» Provided data
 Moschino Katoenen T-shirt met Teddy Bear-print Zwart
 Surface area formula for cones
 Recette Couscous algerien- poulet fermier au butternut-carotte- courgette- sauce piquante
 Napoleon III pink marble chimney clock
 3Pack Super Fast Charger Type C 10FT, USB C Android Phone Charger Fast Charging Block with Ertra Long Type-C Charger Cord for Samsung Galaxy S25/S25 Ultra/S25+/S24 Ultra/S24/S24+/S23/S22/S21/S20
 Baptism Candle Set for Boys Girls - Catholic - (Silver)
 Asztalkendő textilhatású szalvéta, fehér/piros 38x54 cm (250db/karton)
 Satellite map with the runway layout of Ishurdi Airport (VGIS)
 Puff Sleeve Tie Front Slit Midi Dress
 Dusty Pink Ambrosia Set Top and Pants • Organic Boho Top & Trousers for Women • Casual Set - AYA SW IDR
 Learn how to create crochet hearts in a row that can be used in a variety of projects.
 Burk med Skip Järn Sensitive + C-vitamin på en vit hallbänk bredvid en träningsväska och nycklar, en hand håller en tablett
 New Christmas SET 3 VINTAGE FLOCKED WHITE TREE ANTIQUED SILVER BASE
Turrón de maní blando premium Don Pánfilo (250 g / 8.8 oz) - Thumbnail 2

» Work instructions
Everything before the line containing "Surface area formula for cones" stays out. Write out that line and the rest of the entries exactly.

» Response to this exercise
 Surface area formula for cones
 Recette Couscous algerien- poulet fermier au butternut-carotte- courgette- sauce piquante
 Napoleon III pink marble chimney clock
 3Pack Super Fast Charger Type C 10FT, USB C Android Phone Charger Fast Charging Block with Ertra Long Type-C Charger Cord for Samsung Galaxy S25/S25 Ultra/S25+/S24 Ultra/S24/S24+/S23/S22/S21/S20
 Baptism Candle Set for Boys Girls - Catholic - (Silver)
 Asztalkendő textilhatású szalvéta, fehér/piros 38x54 cm (250db/karton)
 Satellite map with the runway layout of Ishurdi Airport (VGIS)
 Puff Sleeve Tie Front Slit Midi Dress
 Dusty Pink Ambrosia Set Top and Pants • Organic Boho Top & Trousers for Women • Casual Set - AYA SW IDR
 Learn how to create crochet hearts in a row that can be used in a variety of projects.
 Burk med Skip Järn Sensitive + C-vitamin på en vit hallbänk bredvid en träningsväska och nycklar, en hand håller en tablett
 New Christmas SET 3 VINTAGE FLOCKED WHITE TREE ANTIQUED SILVER BASE
Turrón de maní blando premium Don Pánfilo (250 g / 8.8 oz) - Thumbnail 2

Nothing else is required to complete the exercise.